::: RECORDED DATA

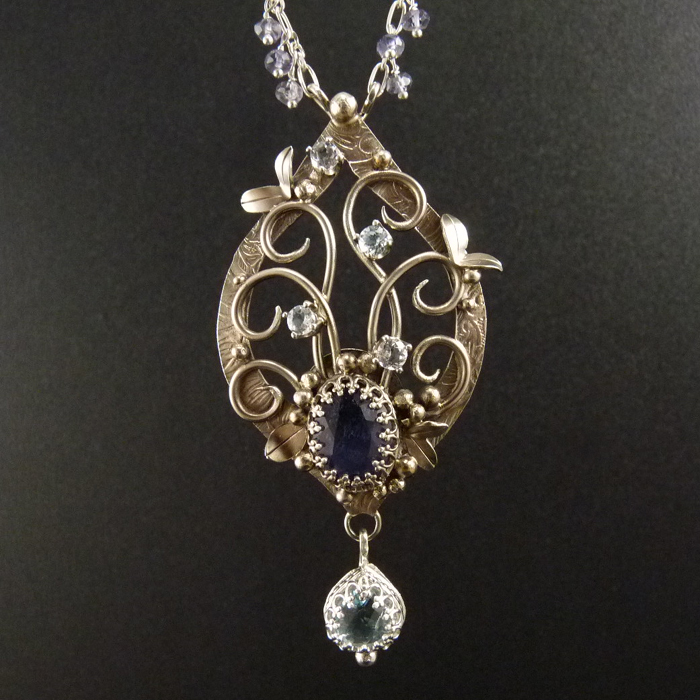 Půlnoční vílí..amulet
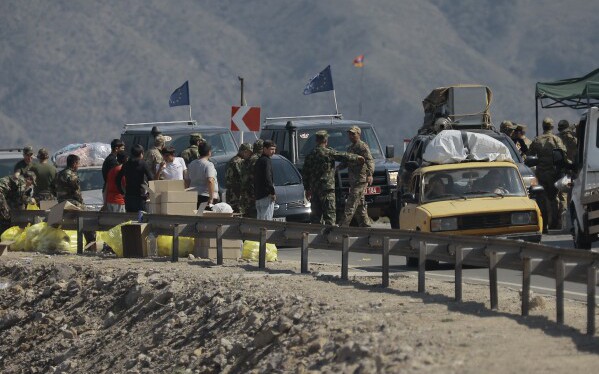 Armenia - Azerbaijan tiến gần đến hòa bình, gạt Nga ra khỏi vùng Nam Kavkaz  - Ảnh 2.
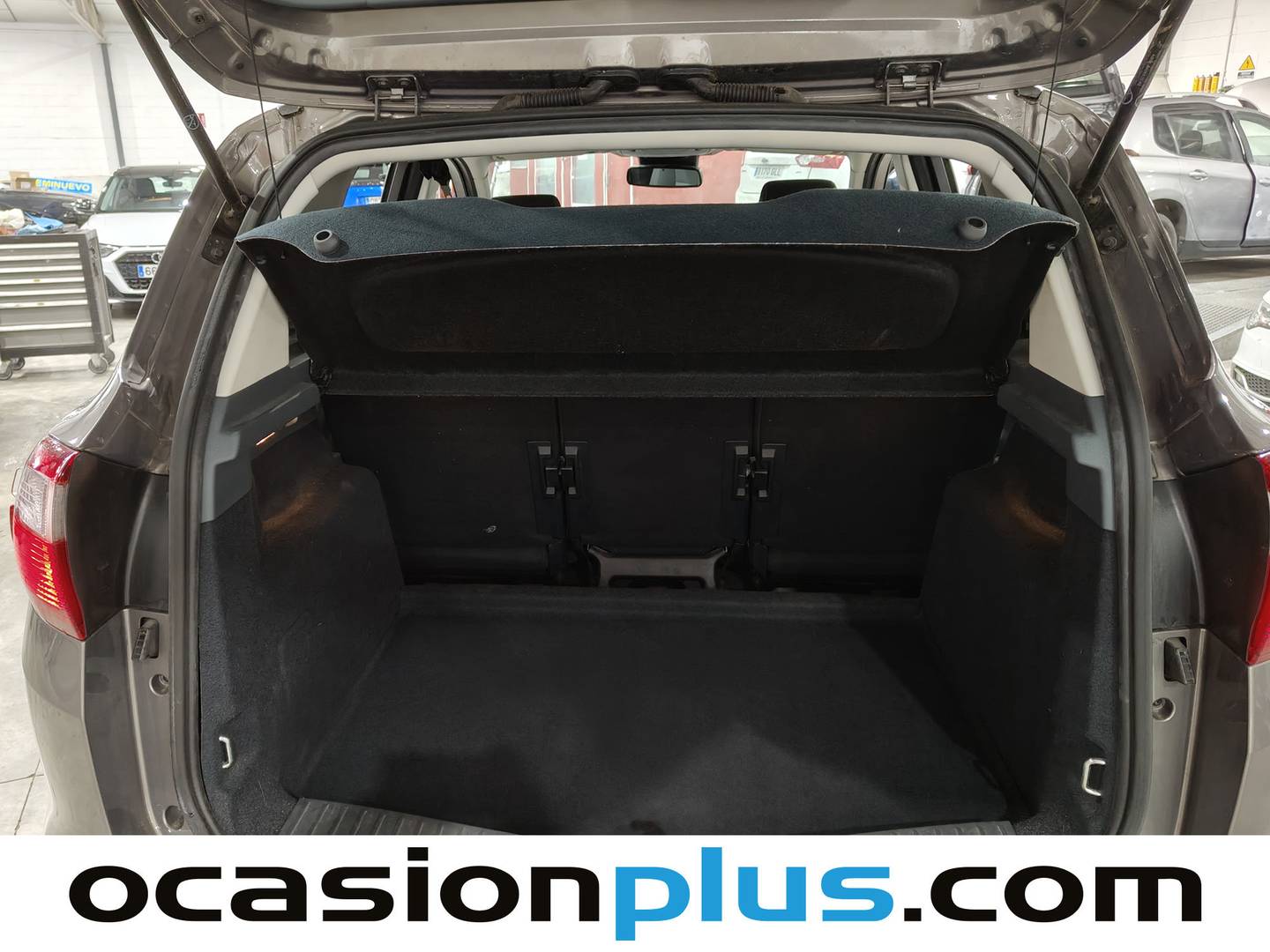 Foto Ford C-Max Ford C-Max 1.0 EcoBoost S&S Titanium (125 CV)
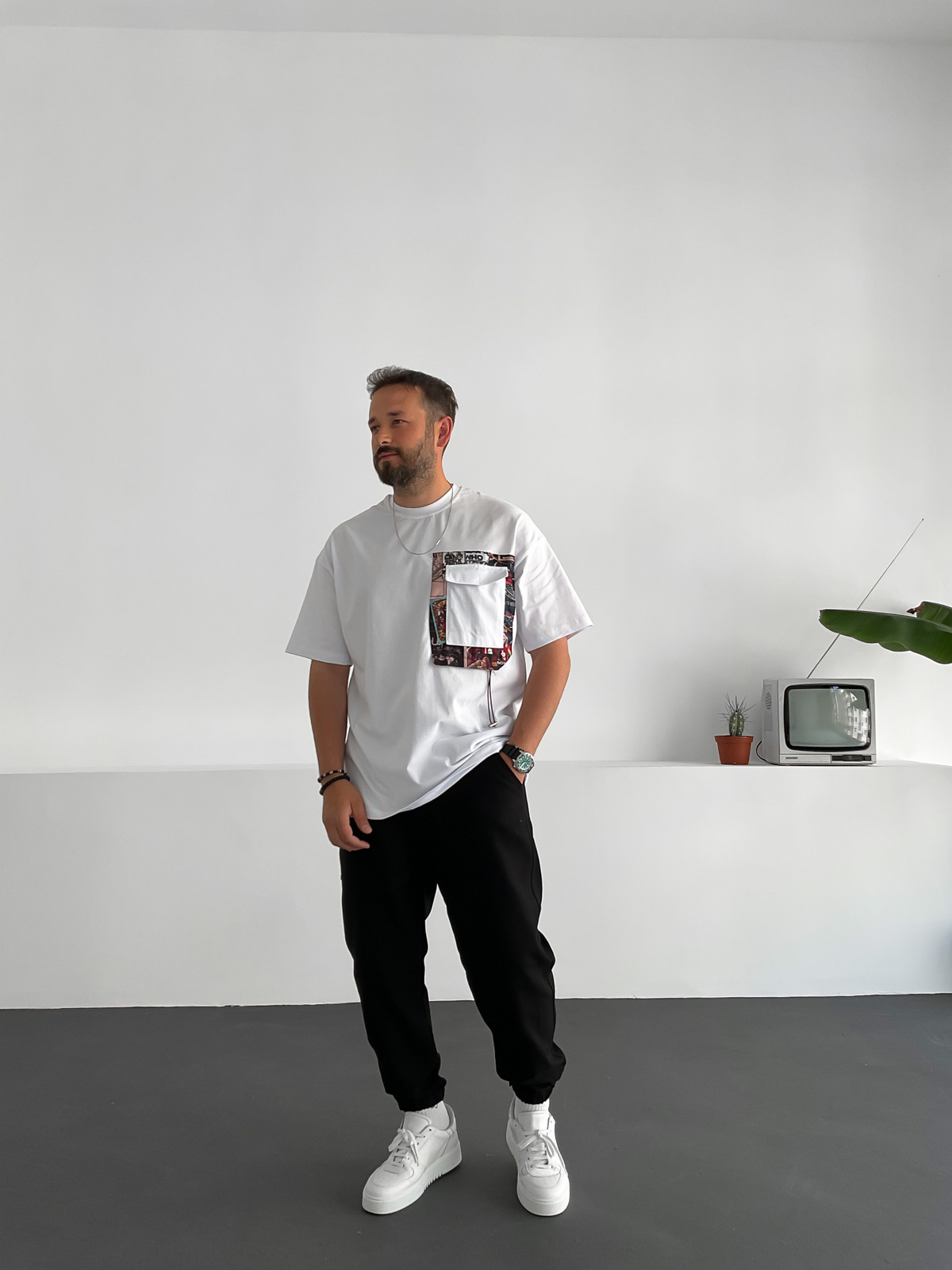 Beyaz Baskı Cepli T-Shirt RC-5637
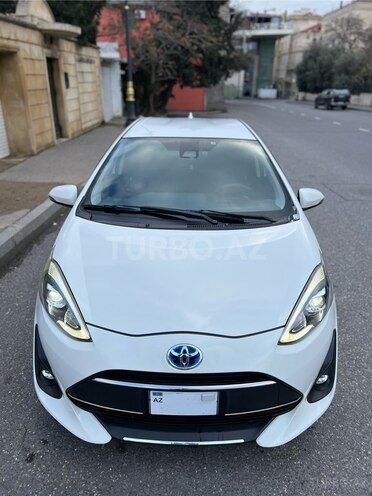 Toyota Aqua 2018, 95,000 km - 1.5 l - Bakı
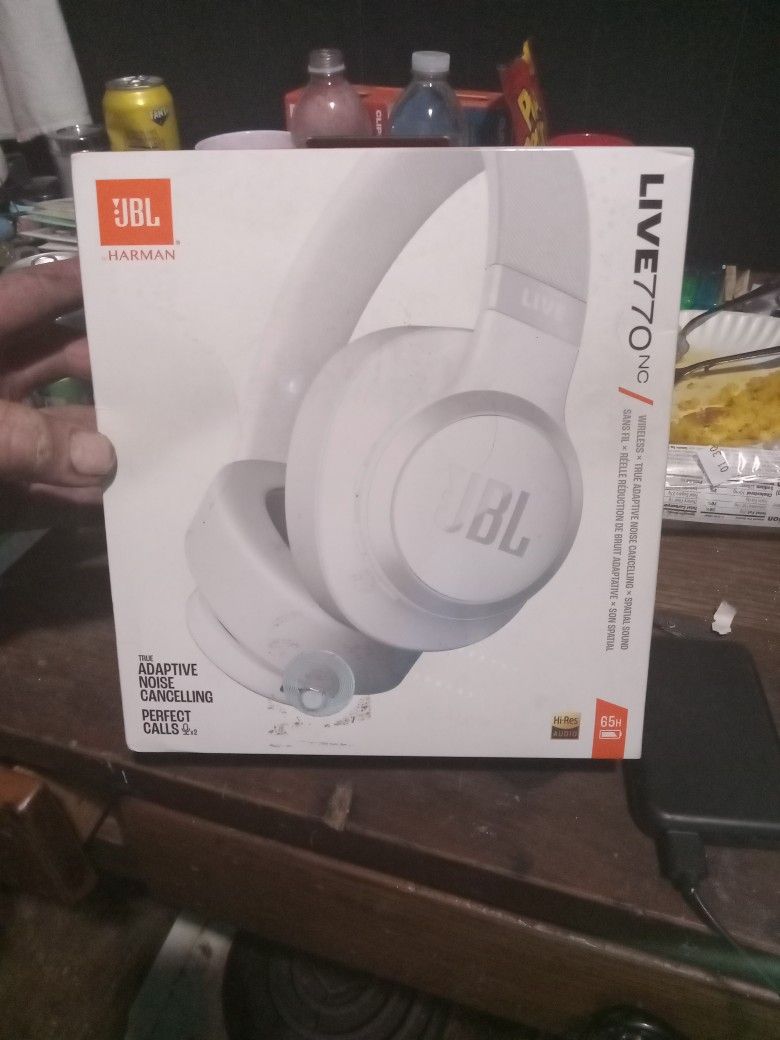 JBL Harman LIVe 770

::::::
::: RECORDED DATA

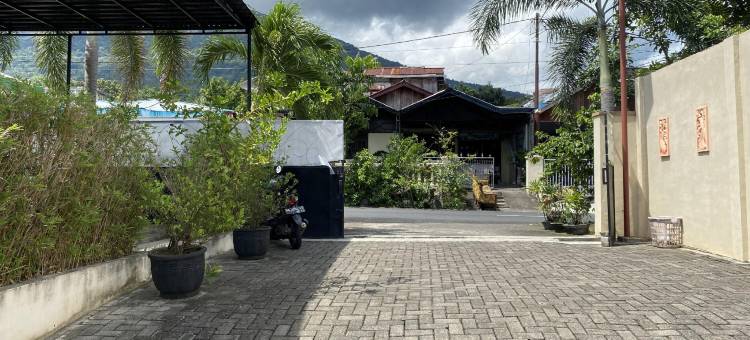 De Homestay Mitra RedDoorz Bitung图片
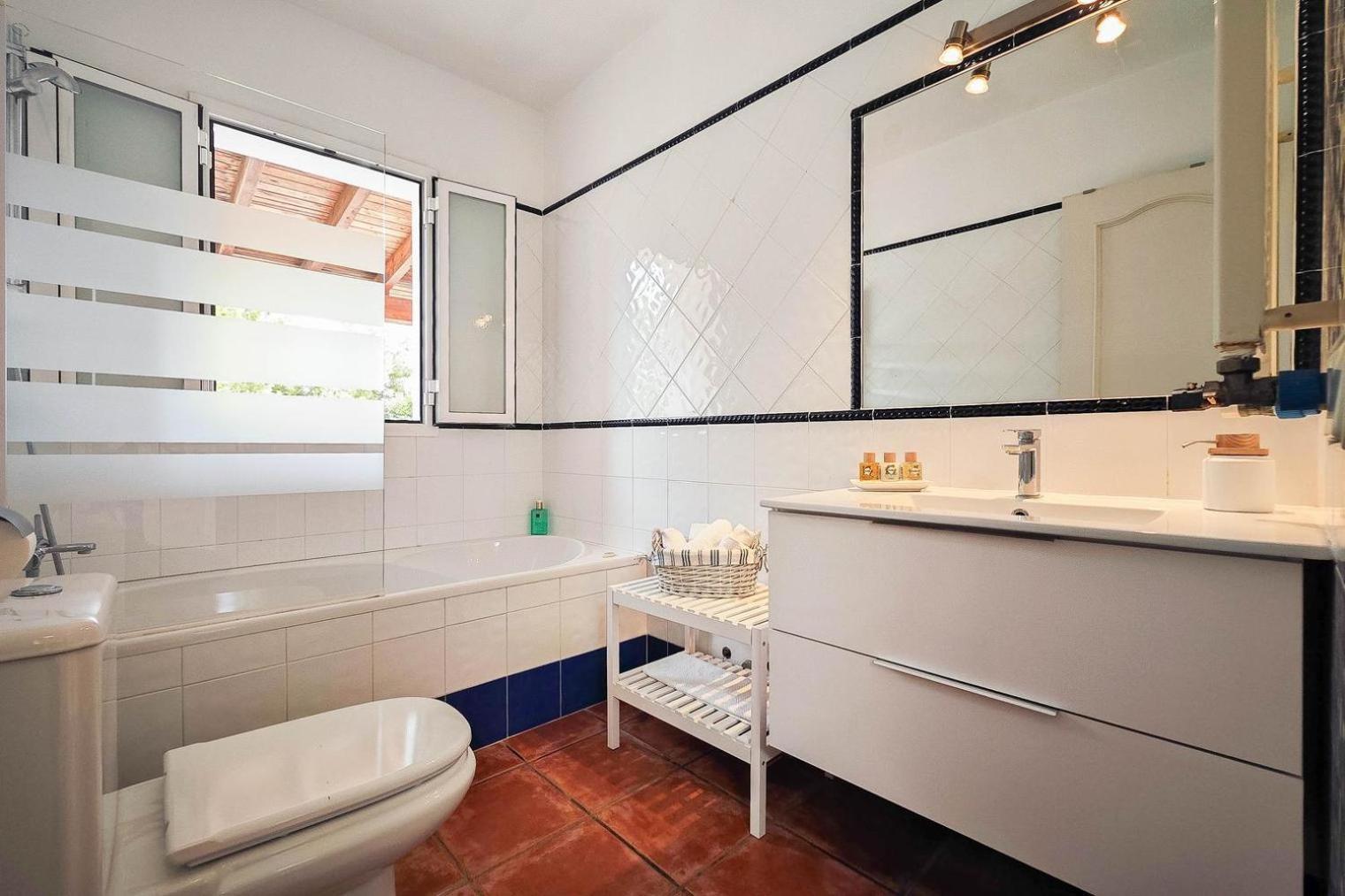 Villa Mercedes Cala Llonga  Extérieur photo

::::::

> **PROBLEM TO SOLVE**:
Give back exactly the lines of the listing above from the one that contains "Beyaz Baskı Cepli T-Shirt RC-5637" up to and including the one that contains "JBL Harman LIVe 770", but not the pictures, and no other lines.

> **RESULT OF THIS EXERCISE**:
 Beyaz Baskı Cepli T-Shirt RC-5637
 Toyota Aqua 2018, 95,000 km - 1.5 l - Bakı
 JBL Harman LIVe 770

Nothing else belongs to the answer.